Orbit Accountants Terms and Conditions 

1. Terms and Conditions

Last updated: September, 2025

1.1 Acceptance

By accessing or using the Site, you agree to these Terms of Use. If you do not agree, do not use the Site.

1.2 No professional advice; no client relationship

Site content is informational only and does not constitute professional, accounting, tax, legal, or investment advice. Accessing the Site does not create a client relationship.

1.3 Permitted use & ownership

The Site and its contents are owned by Orbit or its licensors and are protected by Canadian and international IP laws. You may view content for personal, non-commercial purposes. No scraping, framing, resale, reverse engineering, or derivative works.

1.4 User submissions

If you submit information via forms, you represent it is accurate and that you have the right to provide it. Do not upload sensitive information unless expressly requested through our secure channels.

1.5 Prohibited conduct

You agree not to: (a) use the Site for unlawful purposes; (b) attempt to gain unauthorized access; (c) interfere with security or availability; (d) use automated means to harvest content; (e) upload malware.

1.6 Third-party links

Links are provided for convenience; we do not control or endorse third-party sites and are not responsible for their content or practices.

1.7 Disclaimers

The Site is provided as is” and “as available. To the fullest extent permitted by law, Orbit disclaims all warranties, express or implied (including merchantability, fitness for a particular purpose, and non-infringement). We do not warrant accuracy, completeness, timeliness, availability, or security.
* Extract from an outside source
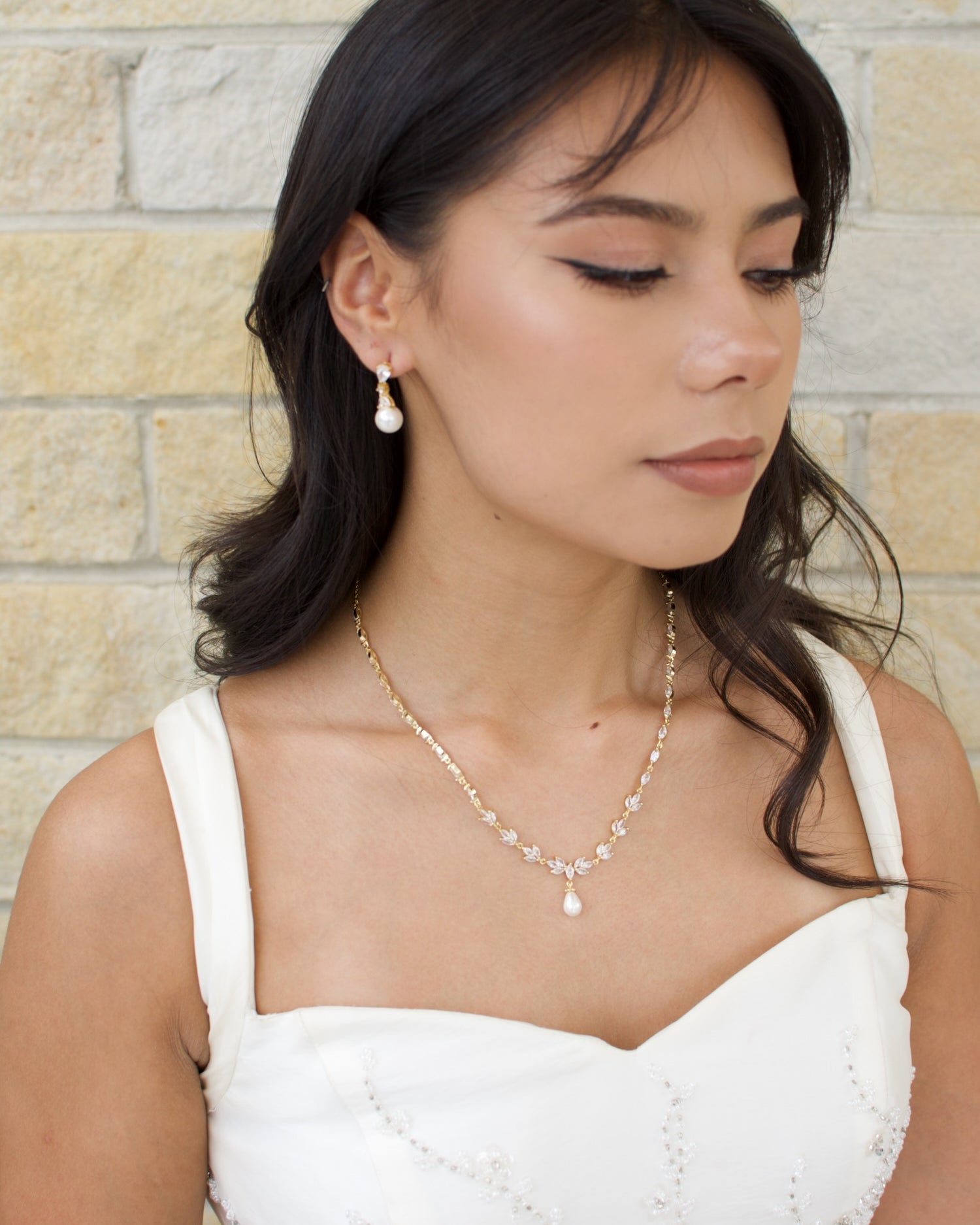 Leah Gold bridal necklace — alternate view 3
1.8 Limitation of liability (Site)

To the maximum extent permitted by law, Orbit and its suppliers will not be liable for any indirect, incidental, special, consequential, exemplary, or punitive damages, or loss of profits, revenue, data, goodwill, or business interruption, arising out of or related to Site use, even if advised of the possibility.

1.9 Indemnity

You agree to indemnify Orbit against third-party claims arising from your misuse of the Site or violation of these Terms.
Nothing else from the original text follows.